DHARAMSALA: Several hundred Tibetans travelling on Chinese passports to India to attend a teaching session by their exiled spiritual leader the Dalai Lama in January 2018 were forced to return, international advocacy group Human Rights Watch has said in its annual report.
The authorities in Tibetan areas continue to severely restrict religious freedom, speech, movement, assembly and fail to redress popular concerns about mining and land grabs by local officials, which often involve intimidation and arbitrary violence by security forces, it said.
The World Report 2019 -- a review of the current human rights conditions in every nation that was released on Friday -- said intensified political education has been reported in monasteries, schools and for the public at large.
Tibetan authorities have used a nationwide anti-crime campaign to encourage people to denounce members of their communities on the slightest suspicion of sympathy for the exiled Dalai Lama or opposition to the government.
Reacting to the Human Rights Watch report, Ngodup Dorjee, Geneva-based representative of the Dalai Lama, said: "For Tibetans in Tibet, it is a lifelong dream to attend a teaching by His Holiness and to catch even a small glimpse of their most revered spiritual leader."
During the recently-concluded teaching sessions in Bodh Gaya, it was reported that barely 100 Tibetans were able to attend mainly due to the severe restrictions on passports imposed by Chinese authorities, a post on the official website of the Central Tibetan Administration (CTA) said.
The Human Rights Watch noted that several more cases were reported in 2018 of land grab by local officials for construction projects, both in the Tibet Autonomous Region and other Tibetan areas.
Tibetans continue to self-immolate to protest Chinese policies.

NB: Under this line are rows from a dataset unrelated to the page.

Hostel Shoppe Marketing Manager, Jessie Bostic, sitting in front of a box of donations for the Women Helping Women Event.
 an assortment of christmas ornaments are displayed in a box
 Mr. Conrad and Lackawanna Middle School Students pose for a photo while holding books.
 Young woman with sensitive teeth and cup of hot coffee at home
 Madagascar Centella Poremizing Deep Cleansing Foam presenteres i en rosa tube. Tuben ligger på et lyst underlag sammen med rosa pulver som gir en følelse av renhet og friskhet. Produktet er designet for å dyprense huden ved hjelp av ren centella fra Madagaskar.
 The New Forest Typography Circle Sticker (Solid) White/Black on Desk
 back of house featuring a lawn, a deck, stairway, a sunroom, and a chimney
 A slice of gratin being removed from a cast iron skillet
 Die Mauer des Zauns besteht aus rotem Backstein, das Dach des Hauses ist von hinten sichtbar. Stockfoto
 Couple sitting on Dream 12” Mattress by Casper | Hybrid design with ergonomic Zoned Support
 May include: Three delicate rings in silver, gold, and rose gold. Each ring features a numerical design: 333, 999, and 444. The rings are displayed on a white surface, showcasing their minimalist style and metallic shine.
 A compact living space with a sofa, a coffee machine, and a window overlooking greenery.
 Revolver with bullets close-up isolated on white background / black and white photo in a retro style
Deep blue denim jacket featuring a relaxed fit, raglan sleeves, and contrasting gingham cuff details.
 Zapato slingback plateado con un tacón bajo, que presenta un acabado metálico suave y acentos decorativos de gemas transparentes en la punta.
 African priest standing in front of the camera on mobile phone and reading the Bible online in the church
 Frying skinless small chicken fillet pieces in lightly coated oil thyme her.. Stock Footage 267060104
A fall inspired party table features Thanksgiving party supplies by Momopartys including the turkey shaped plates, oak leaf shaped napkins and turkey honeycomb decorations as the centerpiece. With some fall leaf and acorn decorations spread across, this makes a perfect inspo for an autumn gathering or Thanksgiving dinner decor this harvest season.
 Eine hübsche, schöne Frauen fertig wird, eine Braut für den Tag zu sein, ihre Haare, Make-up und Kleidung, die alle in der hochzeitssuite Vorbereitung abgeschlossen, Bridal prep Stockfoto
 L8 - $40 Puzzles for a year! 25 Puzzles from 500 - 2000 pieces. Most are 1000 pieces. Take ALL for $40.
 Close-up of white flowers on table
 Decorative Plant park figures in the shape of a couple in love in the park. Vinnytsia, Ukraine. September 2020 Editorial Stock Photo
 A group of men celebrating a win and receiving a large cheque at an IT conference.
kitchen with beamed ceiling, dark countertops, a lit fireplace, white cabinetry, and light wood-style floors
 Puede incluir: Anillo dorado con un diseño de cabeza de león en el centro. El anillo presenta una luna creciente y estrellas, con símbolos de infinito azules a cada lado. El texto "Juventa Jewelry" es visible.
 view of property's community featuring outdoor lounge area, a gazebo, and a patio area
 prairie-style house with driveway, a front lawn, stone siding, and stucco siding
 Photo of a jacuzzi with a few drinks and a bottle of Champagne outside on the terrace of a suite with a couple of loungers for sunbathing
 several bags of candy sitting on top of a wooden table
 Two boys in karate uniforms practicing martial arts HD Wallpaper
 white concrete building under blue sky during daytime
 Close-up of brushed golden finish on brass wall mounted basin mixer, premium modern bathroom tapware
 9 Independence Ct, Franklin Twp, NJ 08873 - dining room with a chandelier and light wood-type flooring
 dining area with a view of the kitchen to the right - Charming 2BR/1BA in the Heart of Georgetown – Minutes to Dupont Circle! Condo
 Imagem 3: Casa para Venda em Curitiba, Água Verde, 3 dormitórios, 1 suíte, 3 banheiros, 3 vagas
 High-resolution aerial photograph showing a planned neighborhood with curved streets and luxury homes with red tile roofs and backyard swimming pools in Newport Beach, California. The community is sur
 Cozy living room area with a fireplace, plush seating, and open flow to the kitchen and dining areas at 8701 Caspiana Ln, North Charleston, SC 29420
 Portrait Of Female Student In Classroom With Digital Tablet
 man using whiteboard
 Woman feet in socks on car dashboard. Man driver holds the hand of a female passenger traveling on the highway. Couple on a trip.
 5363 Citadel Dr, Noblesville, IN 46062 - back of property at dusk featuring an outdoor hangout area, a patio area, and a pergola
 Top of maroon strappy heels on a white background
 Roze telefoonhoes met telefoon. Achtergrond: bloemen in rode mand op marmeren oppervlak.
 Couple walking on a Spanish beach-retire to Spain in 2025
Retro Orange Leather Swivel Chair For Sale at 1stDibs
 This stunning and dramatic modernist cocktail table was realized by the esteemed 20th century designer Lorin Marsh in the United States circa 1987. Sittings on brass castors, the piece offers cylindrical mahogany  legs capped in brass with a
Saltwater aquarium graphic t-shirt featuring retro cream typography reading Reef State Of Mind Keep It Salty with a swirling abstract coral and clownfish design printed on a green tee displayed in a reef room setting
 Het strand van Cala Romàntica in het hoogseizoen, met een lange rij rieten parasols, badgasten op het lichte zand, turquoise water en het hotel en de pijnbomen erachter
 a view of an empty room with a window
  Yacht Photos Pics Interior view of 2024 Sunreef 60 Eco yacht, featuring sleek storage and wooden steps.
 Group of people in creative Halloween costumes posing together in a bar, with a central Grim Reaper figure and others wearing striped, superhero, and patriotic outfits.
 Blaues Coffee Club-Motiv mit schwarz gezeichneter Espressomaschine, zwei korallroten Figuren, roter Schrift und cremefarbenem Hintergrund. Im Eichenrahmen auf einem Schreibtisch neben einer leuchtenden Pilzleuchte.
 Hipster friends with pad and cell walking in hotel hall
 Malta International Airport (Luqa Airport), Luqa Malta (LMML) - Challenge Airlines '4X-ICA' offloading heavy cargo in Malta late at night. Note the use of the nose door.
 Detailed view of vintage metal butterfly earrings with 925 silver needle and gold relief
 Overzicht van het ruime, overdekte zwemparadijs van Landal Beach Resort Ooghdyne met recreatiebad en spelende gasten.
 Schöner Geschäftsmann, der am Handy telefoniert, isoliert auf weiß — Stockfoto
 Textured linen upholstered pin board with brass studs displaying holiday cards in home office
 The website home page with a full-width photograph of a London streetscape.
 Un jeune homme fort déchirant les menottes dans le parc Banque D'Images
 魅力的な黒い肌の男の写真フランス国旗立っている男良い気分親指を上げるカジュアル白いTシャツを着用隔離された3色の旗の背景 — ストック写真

Four more such protests took place between November 2017, it said.
Rampant mining has caused severe destruction to Tibet's environment as well as distress to its people and the relentless push for development has turned China into a toxic land of severely contaminated soil, water and air, CTA President Lobsang Sangay had said in response to the China's White Paper on Tibet's Ecology, 2018.
"If the current trend of environmental destruction continues unabated in Tibet, Chinese authorities will soon turn the world's highest plateau into yet another toxic landmass," he said.
The Dalai Lama has lived in India since fleeing his homeland in 1959. The Tibetan administration in exile is based in this north Indian hill town.